Wikipedia tells me that Donald Knuth said:
We should forget about small efficiencies, say about 97% of the time: premature optimization is the root of all evil.
(I figure you don’t need a citation when you mention “Wikipedia” in the sentence.)
Back in the old days, the fast way to do things in Matlab was to use “vectorised” code which operated on entire array rather than the individual elements; loops were the devil. More recently (2003-ish), Matlab gained a just-in-time compiler, eliminating the old bottleneck. (Update: Thanks, Ben, for pointing out my mistake there; not sure what I was thinking when I wrote 2007. Perhaps I didn’t get access to Matlab-with-JIT until some time later; I forget.)
But you still sometimes see advice to use vectorised code whenever possible. In short, this is a bad idea on performance grounds alone.

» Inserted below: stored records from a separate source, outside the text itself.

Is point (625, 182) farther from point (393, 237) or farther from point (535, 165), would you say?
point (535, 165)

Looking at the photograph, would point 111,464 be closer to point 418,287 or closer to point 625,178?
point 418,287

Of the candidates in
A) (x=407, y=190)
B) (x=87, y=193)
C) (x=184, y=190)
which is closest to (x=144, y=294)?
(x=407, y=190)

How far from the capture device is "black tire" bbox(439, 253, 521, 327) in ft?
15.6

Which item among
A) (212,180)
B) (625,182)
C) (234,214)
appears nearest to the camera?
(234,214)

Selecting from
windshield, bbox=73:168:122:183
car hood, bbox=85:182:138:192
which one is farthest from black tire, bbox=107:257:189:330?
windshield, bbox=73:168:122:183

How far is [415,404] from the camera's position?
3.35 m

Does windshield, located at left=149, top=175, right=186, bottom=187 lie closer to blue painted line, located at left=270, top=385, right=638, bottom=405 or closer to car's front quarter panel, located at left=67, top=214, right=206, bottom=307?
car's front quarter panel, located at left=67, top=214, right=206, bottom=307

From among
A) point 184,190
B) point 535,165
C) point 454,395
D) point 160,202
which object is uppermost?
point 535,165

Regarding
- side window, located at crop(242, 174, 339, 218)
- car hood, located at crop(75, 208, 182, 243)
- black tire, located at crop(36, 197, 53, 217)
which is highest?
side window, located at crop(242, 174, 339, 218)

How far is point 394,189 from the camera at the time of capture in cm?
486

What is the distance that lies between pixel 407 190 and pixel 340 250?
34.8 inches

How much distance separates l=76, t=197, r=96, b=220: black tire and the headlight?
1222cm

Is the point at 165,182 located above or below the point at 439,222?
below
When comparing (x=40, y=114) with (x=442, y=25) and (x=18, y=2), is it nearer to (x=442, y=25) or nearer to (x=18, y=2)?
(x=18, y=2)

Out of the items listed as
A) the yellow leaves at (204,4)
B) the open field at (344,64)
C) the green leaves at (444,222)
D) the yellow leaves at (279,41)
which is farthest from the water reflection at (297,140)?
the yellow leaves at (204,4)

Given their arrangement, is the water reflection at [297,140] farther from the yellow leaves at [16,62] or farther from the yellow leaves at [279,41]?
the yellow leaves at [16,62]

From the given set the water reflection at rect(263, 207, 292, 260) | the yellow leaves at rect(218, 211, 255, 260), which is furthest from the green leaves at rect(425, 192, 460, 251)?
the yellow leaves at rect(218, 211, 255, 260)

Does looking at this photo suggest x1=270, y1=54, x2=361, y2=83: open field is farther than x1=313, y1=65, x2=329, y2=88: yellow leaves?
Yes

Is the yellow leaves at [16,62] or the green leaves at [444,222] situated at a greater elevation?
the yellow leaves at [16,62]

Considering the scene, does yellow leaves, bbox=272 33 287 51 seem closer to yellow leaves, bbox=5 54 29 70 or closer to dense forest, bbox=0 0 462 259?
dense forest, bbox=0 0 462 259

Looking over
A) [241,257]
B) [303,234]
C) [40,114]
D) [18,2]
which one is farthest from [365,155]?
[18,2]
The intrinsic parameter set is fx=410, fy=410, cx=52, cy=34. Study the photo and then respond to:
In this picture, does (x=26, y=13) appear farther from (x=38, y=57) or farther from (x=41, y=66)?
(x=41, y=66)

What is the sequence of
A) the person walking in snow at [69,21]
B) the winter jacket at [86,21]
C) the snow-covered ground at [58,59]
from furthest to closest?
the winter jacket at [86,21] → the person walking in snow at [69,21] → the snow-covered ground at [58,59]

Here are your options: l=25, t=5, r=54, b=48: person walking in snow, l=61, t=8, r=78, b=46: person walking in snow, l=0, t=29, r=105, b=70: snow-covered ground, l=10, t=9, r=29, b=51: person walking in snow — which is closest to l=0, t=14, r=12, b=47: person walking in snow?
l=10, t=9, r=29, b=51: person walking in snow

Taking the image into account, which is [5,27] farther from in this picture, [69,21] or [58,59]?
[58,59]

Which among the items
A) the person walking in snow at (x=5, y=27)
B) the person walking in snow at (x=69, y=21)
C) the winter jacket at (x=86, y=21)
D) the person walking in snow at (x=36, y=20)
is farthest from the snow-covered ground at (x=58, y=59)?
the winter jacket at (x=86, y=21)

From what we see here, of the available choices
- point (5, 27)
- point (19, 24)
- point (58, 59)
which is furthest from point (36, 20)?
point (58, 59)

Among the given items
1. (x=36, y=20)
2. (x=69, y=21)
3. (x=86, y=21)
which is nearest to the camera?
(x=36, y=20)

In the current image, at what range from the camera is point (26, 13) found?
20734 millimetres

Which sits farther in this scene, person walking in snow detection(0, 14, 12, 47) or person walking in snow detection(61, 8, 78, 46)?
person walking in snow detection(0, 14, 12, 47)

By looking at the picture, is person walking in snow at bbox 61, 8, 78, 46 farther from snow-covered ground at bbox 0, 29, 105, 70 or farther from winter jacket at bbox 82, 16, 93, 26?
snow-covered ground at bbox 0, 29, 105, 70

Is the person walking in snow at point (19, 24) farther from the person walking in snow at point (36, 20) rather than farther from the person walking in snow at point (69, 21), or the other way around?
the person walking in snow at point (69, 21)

For example, the above-linked advice gave the trivial example:
% Extremely slow: for i = 1:length(x) x(i) = 2*x(i); end % Extremely fast: x = 2*x;
Interested, I tested this out.
[Update: Ha, “I tested this out” completely incorrectly, because I was hasty and hadn’t used Matlab in a while. So don’t mind me on that particular point. However, the following still stands:]

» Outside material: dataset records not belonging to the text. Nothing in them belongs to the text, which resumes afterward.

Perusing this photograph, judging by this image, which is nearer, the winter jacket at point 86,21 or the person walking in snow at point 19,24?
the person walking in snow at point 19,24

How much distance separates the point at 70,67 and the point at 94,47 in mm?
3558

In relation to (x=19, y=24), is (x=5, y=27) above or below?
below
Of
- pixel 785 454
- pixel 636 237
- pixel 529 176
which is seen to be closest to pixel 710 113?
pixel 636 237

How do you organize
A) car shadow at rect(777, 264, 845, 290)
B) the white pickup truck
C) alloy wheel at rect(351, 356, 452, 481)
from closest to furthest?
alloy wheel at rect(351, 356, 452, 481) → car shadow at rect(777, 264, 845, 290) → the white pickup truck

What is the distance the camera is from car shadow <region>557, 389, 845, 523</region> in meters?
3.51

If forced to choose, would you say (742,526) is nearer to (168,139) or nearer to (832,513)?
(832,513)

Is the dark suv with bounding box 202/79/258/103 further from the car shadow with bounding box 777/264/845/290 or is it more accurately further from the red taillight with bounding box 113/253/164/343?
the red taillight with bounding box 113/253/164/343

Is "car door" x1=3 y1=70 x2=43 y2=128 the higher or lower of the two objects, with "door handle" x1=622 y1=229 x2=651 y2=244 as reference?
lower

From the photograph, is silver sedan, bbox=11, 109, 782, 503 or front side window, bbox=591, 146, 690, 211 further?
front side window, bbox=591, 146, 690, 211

Your rule of thumb should be: write the code that makes the most sense when you’re writing it. If it’s slow, try and fix it then. Vectorised code can get damned hard to write and harder to read. It’s only worth it if it saves you real time running the code. And I’m talking hours and hours of time difference here.
When you write
x=2*x, you should do so simply because that’s the clear logical representation of the operation “multiply each element of
x by two”. But just because you use vectorised code here doesn’t mean you always should.